With so many ingredients involved during the data migration process, it’s no wonder that so many projects go over time, over budget and sometimes even stall completely. Gartner even reported that as many as 83% of data migration projects exceed their deadline and/or budget, and sometimes fail completely1. Not the kind of statistic you want to read when you are considering a migration project, but don’t worry, it’s not all doom and gloom.
At PhixFlow, we have helped many customers who have approached us whilst struggling with data migration projects , so we thought we would share some our knowledge to help you get your data migration projects off to a great start.
Every data migration is different, with varying amounts of systems and data to be consolidated and moved. No matter the reason behind your data migration, or the complexity, there are a few basics that you should consider to make the process as smooth as possible.
Whilst all data migrations contain three basic stages, Extract, Transform and Load (ETL), it is important that you have a solid migration plan and process to follow to ensure project success. We have identified six key steps in the data migration process as set out below.
1. Identify sources of data
Before any migration should start it is important to understand the legacy data. More specifically, you need to understand what data is needed, where the data is, what format it is in and how it will be accessed.
For example, in more complex migrations, there may be multiple sources of data. Some data will be stored in databases, excel spreadsheets and other systems. Having the knowledge of what data is where, and how to access it is an important first step in the migration process.
If you are using a platform, such as PhixFlow, you can avoid being too detailed at this stage as the iterative process means that you will be able to identify any gaps in data and adjust your data queries accordingly as the project gathers momentum.
2. Identify the filtering rules
Quite often you will find that there is a lot of legacy data that isn’t required, so it’s important to identify this data early on as it can speed up processing times when you are running simulations.
For example, when migrating data from a financial system it may be decided that old purchase orders are no longer required. All sounds good, but there can be instances where companies create ‘open’ purchase orders that remain active for many years. This would mean that the open purchase order would get missed based on its creation date, even though it would still be required.
There may also be compliance issues that need considering. In some instances, companies are required to keep records that date back for a certain amount of time.
The earlier on that you can identify the data you need, and do not need, the better. By eliminating the data that is not required you will be able to process test data much faster and speed up the process of identifying errors.
3. Identify the target objects and transformations
Obviously, no data migration is complete without the ‘Load’ phase, i.e. where the data is transferred into your new system. This can only happen if you know where your consolidated and enhanced data will end up.
Create a list of target objects and then load them into your migration tool. This will allow you to use some sample data to run a test migration and see what errors occur. Using this error list will help you to identify areas that are missing data or show you which data cannot be mapped to the target objects fully.
4. Identify data that needs cleansing
Ok, so you’ve got this far. So far, so good. Now that you have identified what data you need and where you are going to get the data from, and where the data is going to be transferred to, you will need to look for data that needs enhancing.

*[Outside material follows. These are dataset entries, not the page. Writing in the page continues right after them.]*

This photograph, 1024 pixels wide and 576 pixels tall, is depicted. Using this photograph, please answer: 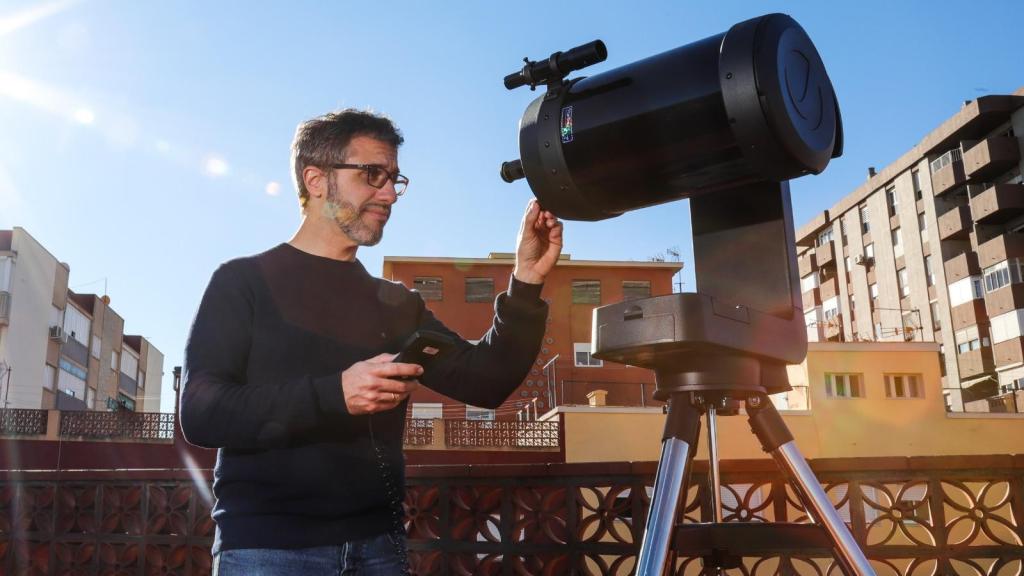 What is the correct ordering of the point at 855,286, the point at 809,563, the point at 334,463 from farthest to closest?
the point at 855,286, the point at 809,563, the point at 334,463

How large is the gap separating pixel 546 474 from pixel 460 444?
18.0m

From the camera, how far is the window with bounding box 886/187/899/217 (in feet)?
118

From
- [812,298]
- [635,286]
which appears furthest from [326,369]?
[812,298]

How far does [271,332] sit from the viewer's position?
1.67 metres

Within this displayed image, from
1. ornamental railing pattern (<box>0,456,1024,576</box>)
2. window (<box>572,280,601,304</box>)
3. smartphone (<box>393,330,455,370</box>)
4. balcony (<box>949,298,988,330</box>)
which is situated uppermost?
window (<box>572,280,601,304</box>)

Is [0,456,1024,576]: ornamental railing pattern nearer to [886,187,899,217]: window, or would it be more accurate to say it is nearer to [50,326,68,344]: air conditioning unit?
[50,326,68,344]: air conditioning unit

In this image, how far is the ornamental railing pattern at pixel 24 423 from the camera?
69.1ft

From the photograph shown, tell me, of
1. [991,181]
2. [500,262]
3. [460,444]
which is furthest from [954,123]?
[460,444]

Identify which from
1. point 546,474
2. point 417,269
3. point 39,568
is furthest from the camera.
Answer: point 417,269

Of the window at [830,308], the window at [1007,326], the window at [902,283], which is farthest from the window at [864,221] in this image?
the window at [1007,326]

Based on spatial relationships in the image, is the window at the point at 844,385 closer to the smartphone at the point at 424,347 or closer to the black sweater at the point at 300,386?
the black sweater at the point at 300,386

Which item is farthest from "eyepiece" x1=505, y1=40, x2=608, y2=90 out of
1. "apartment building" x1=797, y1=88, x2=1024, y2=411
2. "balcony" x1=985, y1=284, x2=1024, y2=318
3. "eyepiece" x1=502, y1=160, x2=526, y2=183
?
"balcony" x1=985, y1=284, x2=1024, y2=318

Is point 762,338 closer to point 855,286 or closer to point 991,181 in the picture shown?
point 991,181

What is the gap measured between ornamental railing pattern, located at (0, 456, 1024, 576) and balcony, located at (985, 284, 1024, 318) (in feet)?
99.9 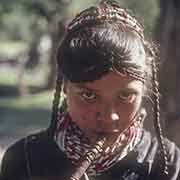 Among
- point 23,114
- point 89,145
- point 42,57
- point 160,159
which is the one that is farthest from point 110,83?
point 42,57

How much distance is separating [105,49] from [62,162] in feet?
0.92

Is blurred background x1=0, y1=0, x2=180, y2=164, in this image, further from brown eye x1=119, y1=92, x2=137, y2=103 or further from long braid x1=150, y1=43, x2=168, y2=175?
brown eye x1=119, y1=92, x2=137, y2=103

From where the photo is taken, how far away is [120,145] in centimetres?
128

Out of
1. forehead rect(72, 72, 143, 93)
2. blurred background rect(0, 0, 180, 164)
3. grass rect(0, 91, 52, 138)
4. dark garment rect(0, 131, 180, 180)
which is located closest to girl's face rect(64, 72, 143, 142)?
forehead rect(72, 72, 143, 93)

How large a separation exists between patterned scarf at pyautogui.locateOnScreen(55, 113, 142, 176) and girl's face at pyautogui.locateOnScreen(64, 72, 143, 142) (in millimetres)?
41

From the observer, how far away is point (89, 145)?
1256mm

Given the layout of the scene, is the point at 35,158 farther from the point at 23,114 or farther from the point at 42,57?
the point at 42,57

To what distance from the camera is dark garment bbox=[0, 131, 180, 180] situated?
133 cm

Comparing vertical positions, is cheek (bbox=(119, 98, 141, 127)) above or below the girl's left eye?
below

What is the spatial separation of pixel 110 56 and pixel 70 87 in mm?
108

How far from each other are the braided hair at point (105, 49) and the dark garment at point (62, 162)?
0.10 ft

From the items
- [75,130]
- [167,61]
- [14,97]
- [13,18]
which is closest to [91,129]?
[75,130]

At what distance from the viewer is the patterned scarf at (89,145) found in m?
1.26

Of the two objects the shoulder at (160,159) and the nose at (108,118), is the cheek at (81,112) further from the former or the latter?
the shoulder at (160,159) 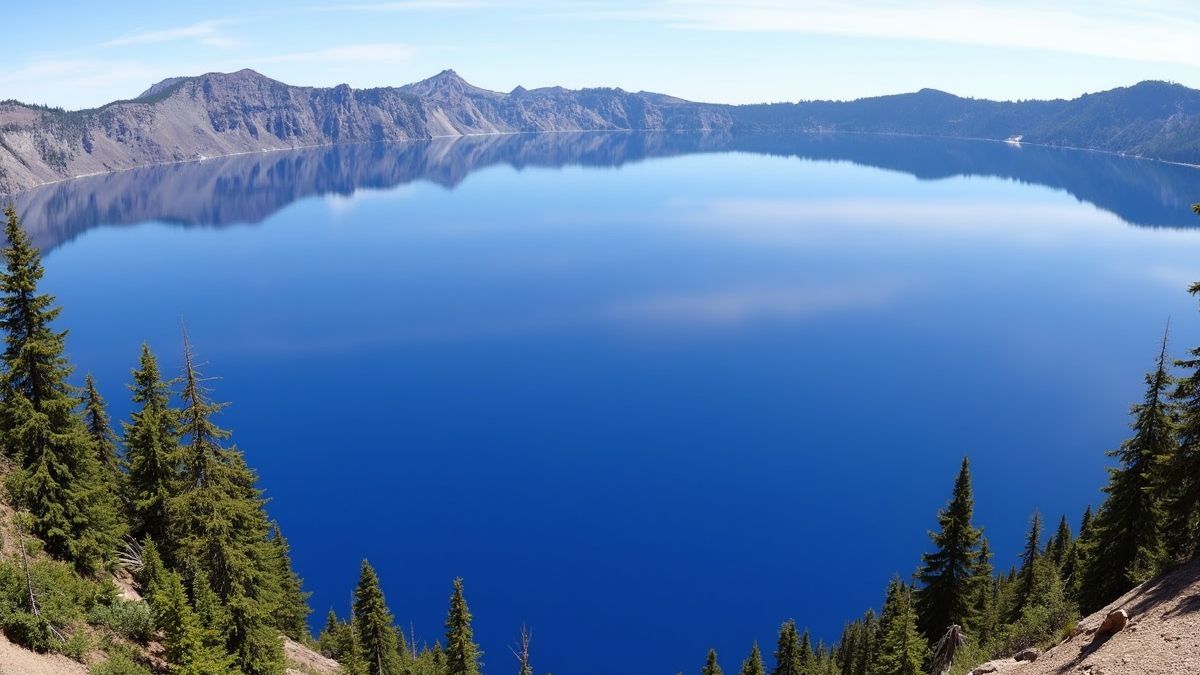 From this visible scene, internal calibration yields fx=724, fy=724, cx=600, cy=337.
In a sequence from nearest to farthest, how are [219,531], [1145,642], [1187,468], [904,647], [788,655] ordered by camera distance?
1. [1145,642]
2. [1187,468]
3. [219,531]
4. [904,647]
5. [788,655]

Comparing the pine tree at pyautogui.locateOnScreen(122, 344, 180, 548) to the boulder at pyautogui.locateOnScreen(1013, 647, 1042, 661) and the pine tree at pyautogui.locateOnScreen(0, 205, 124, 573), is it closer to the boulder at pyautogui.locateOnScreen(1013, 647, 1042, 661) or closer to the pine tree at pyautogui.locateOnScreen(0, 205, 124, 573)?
the pine tree at pyautogui.locateOnScreen(0, 205, 124, 573)

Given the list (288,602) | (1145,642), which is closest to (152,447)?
(288,602)

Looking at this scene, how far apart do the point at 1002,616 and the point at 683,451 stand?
4270 centimetres

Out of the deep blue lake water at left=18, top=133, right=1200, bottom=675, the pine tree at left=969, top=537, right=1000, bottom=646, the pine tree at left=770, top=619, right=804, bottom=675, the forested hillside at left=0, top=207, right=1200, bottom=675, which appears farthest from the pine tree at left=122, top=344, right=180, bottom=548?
the pine tree at left=969, top=537, right=1000, bottom=646

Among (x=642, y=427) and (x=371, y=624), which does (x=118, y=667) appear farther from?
(x=642, y=427)

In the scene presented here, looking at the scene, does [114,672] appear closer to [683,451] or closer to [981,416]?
[683,451]

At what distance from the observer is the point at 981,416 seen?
97750 millimetres

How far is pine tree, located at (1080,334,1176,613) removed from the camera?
31156mm

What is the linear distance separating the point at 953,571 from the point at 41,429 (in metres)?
42.4

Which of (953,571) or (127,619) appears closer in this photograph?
(127,619)

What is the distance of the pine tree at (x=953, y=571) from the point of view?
3703 centimetres

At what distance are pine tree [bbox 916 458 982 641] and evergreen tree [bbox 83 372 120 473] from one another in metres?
41.8

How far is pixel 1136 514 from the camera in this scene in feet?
106

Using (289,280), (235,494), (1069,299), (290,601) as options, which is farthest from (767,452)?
(289,280) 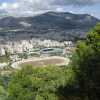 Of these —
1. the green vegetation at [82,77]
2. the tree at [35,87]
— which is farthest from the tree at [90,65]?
the tree at [35,87]

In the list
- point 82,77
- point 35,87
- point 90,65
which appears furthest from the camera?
point 35,87

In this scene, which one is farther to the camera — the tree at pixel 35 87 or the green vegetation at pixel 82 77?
the tree at pixel 35 87

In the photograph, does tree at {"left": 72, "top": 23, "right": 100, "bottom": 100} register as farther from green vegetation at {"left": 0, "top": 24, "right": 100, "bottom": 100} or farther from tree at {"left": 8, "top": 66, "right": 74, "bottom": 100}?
tree at {"left": 8, "top": 66, "right": 74, "bottom": 100}

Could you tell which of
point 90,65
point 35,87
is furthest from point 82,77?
point 35,87

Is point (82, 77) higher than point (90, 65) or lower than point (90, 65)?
lower

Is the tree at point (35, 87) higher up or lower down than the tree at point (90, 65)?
lower down

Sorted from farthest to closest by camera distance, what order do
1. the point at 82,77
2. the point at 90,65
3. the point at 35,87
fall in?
the point at 35,87 → the point at 82,77 → the point at 90,65

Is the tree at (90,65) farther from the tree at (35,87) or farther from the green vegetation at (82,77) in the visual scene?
the tree at (35,87)

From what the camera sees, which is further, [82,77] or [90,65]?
[82,77]

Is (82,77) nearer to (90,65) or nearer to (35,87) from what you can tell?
(90,65)

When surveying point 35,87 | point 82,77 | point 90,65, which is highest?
point 90,65

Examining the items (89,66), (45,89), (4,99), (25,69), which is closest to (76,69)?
(89,66)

Whilst performing data migrations for our customers we have seen many examples where the original data is not suitable for the target migration. One such example relates to the migration of purchase orders to a new financial system. In the legacy system the line items were manually typed in without the need for item codes, but the new system required each item to have an item code. To solve a problem like this you will need to consider what to do with these purchase orders.
In another example we saw that the legacy system allowed the manual input for the country on a customer record, which meant that there were multiple spellings of the same country. The target system used dropdown selectors for the country, which meant that the data failed during the migration.
To help resolve issues like the above, it’s very useful to have a tool that enables “fuzzy logic” rules to be added iteratively to cleanse your data before the data transformation steps in your migration.
As mentioned previously, you don’t need to create an exhaustive list of data cleansing requirements at the very start of the project, as the iterative testing process will inevitably uncover more data that needs attention. It’s always a good idea to document the that you think of in the first instance as you can build these into your initial workflow.
5. Identify business rules and data validation requirements
Now, your shiny new system may require some new business rules and validation before you can successfully migrate your data, but what does this mean? What are business rules and validation rules?
Business rules are the criteria that your business will set for certain scenarios. For example, it may be imperative that all customer records must have both a mailing address and billing address.
Validation is what needs to happen with the data to ensure that it is correct. A good example of this is when transferring bank account details for suppliers. Your new finance system may specify that the bank account number and sort code need validating. This will cause problems if the information held in legacy systems is outdated or has been typed in incorrectly meaning that the new system will reject the data on import.
6. Rapid Iterative Testing
The quickest way to identify errors in your data migration project is to test, test and test again! When you have vast amounts of data to migrate testing the migration with a full set of data will take more time to process, so it is a good idea to start with smaller ‘chunks’ of data.
We would recommend that you start with about 10% of the data that needs migrating. Why such a small amount, you may ask? What we have found is that running a sample size of 10% will find approximately 80% of the data issues and rules that will need addressing. This smaller amount of data is much faster to process which is especially useful when you make some changes to the rules and wish to run the sample for a second time.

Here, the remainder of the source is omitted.